• [Prompt]:
Beginning with the line that contains "Tiny photo for", retype the entries below exactly, ending with the line that contains "Hartshead Barlow (Stag) 297-9.JPG". Leave out any pictures.
_ _ _ _
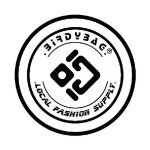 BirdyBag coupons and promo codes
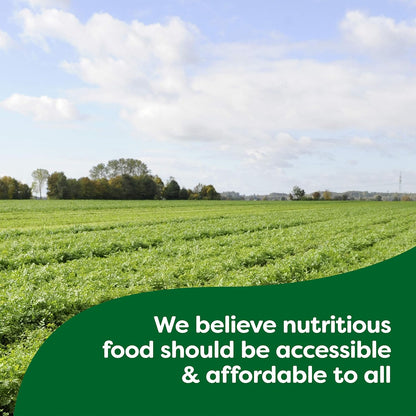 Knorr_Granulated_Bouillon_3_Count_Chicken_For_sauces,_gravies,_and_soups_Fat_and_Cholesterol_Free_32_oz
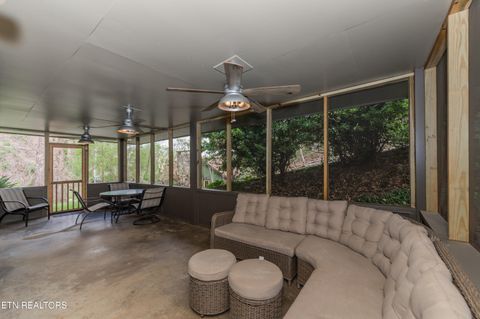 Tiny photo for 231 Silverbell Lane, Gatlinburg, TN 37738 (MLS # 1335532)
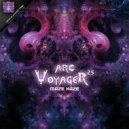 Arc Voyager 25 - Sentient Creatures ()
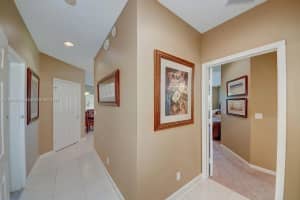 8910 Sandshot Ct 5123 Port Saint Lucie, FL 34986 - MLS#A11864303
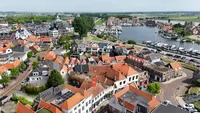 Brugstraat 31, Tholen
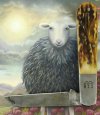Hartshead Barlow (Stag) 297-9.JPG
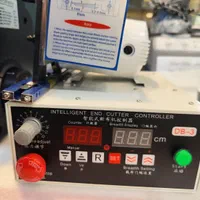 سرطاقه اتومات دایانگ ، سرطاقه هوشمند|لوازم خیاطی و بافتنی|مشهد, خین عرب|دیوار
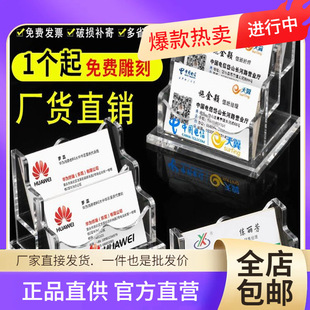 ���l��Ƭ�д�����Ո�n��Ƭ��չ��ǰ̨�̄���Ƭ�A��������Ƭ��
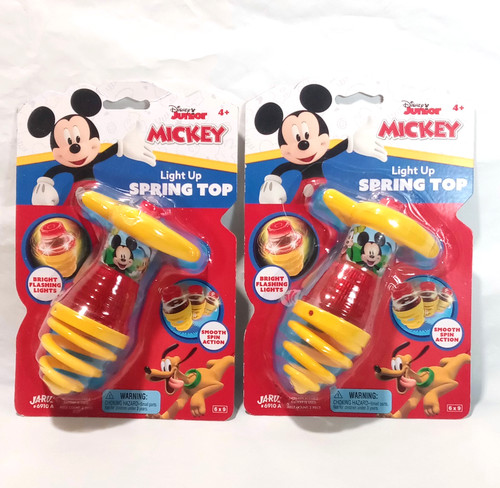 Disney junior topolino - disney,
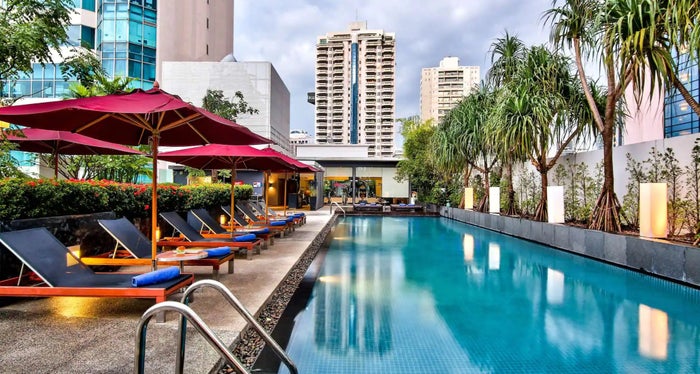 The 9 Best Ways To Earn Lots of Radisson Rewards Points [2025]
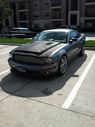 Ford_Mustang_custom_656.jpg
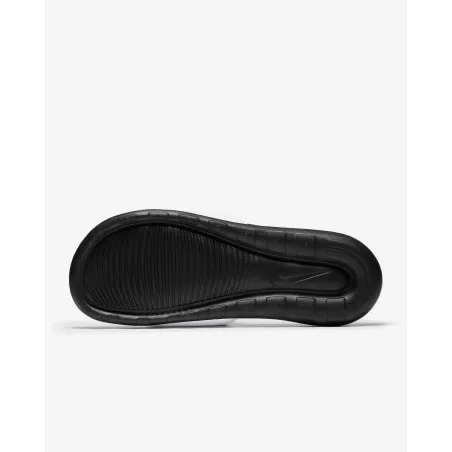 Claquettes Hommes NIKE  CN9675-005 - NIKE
_ _ _ _
• [Answer box]:
 Tiny photo for 231 Silverbell Lane, Gatlinburg, TN 37738 (MLS # 1335532)
 Arc Voyager 25 - Sentient Creatures ()
 8910 Sandshot Ct 5123 Port Saint Lucie, FL 34986 - MLS#A11864303
 Brugstraat 31, Tholen
Hartshead Barlow (Stag) 297-9.JPG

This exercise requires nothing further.